By the time finance teams detect the issue, the damage is done. Worse still, without a proactive governance framework in place, there is little to stop it from happening again.

“It’s amazing how often we do an evaluation and find non-production environments pulling expensive data,” said Trip. “When we show it back to the application owners, they’re shocked – they had no idea they were calling those fields.” 

With real-time monitoring and automated rules, firms can avoid unintended costs by identifying high-cost test data usage, restricting non-production requests and set alerts to flag excessive data pulls before they spiral. 

 “It’s all about control,” Amjad added. “If you don’t have visibility, you can’t act.”

4. Cross-vendor overlaps: Paying twice for the same data

Many firms unknowingly buy data from multiple vendors, leading to redundancy and wasted spend. “It’s surprisingly common to see firms buying identical data from different sources simply because there’s no central visibility,” Amjad said. 

This often occurs because teams manage separate contracts without realizing there are overlaps. While some regulatory requirements justify data duplication, in many cases, it’s simply a lack of transparency.  
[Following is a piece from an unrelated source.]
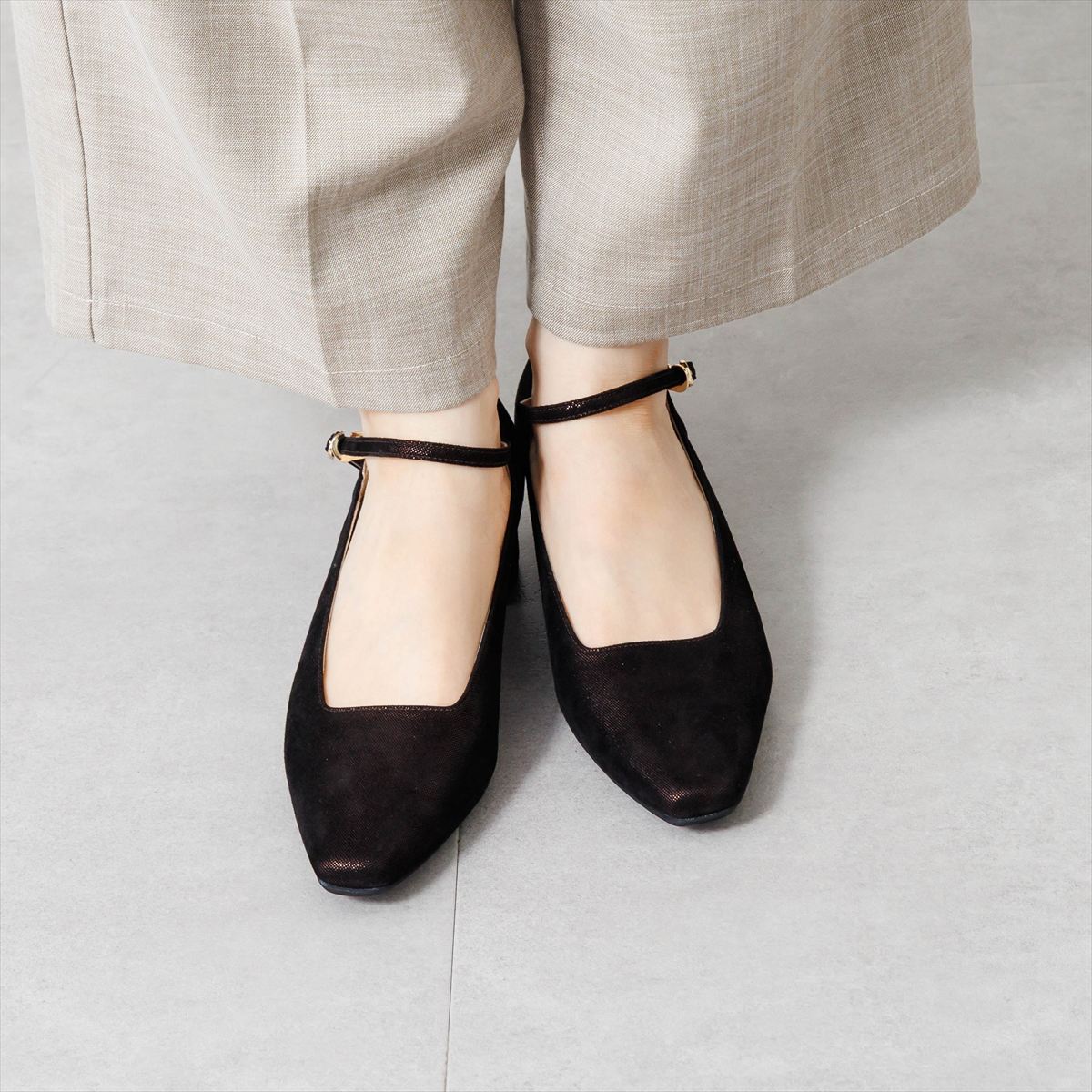 《予約/9月中旬入荷予定》【26AW】スクエアカットアンクルストラップパンプス/661328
“We can track vendor overlaps and pinpoint the exact cost of duplication,” Amjad said. “Once firms see the numbers, they can decide whether the redundancy is necessary or just waste.” By auditing data flows and mapping vendor agreements, firms can often consolidate their sourcing strategies and negotiate better deals.

5. The compliance risk lurking beneath the surface

Beyond cost control, compliance presents another major risk.  

Third-party data providers often embed their content within larger vendor feeds, meaning firms may be using licensed data without realizing it. This can lead to unexpected audits and retrospective licensing fees that significantly inflate costs. 

“You might buy data from Bloomberg, but that’s actually S&P’s data,” Amjad noted. “Then, three months later, you get a call saying you owe licensing fees for it.”

Without real-time monitoring and reporting, firms risk falling into costly compliance traps. 

The future of reference data management: From defense to offense

The message from the webinar was clear: reference data doesn’t have to be a passive, out-of-control expense. “If you’re still relying on invoices to manage reference data, you’re playing defense,” Trip concluded. “Proactive firms are the ones winning the game.” 

At a time when reference data costs are rising faster than ever, firms that continue to rely on outdated, reactive approaches will find themselves at a disadvantage. Those that embrace a more strategic, technology-driven model will not only protect their bottom line but also position themselves for a more efficient, cost-effective future.